Still, there are some things worth repeating, and they come up with regularity. School reunions, for example. They generally occur every year, with particular emphasis on the classes that graduated a multiple of five years before. The cynical among us might say that reunions are largely the creation of “Advancement,” or fund-raising departments. But I’ve always found them quite enjoyable, even though in recent years my own class has produced few survivors able to get there. So I go.
There is one tradition, however, that's been celebrated every year since well before I first sang in it over 70 years ago. It was presented in the school chapel just before Christmas vacation. With the chapel windows blank in the early winter darkness, the interior glowing dimly with candlelight, and the ancient and familiar music from the school choir, chamber orchestra, and organ filling the darkness, it’s a lovely way to invoke, both literally and figuratively, the light shining in darkness.
I’m not quite sure how or where it started, but sacred music has long been a staple of my old school. It certainly helped that the school’s founder, Dwight L. Moody, was a world-famous 19th-century evangelist who traveled with an equally famous singer and hymn leader. One of the first self-proclaimed fundamentalists, Moody named the school after Mount Hermon on the Israel-Syria border, then considered to be the traditional Mount of Transfiguration. Very few of us students, I suspect, appreciated the symbolism while we were there. Looking back in later years, however, I’ve found it quite obvious. The place and the people there changed my life.

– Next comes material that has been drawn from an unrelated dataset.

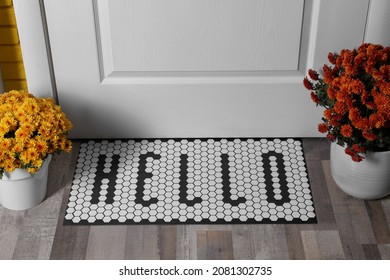 Stylish Door Mat With Word Hello And Beautiful Flowers On Wooden Floor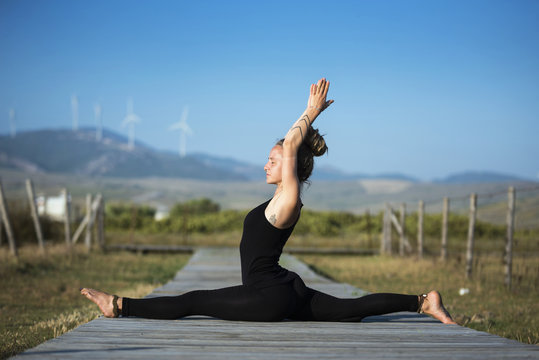 Woman on Los Lances beach doing front splits yoga pose, The Strait Natural Park, Tarifa, Cadiz, Andalusia, Spain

Still, in spite of the lovely memories of the Christmas Vespers concerts I’d sung in while I was there, I’ve never gone back. The weather was daunting, or my family didn’t feel like going, or I felt too busy. This year, finally, was different. I don’t know why; maybe the fear that there won’t be too many more chances. So when the announcement arrived on my computer, I copied it into my schedule, made a reservation, and reserved a local motel room. At noon Sunday I headed south two hours, and my friend Bea headed west two hours to the Inn at Crumpin’ Fox (don’t ask; just look it up), dressed properly for a reception, and drove a few miles in the dark over roads much changed in 70 years (I got lost) to this year’s celebration.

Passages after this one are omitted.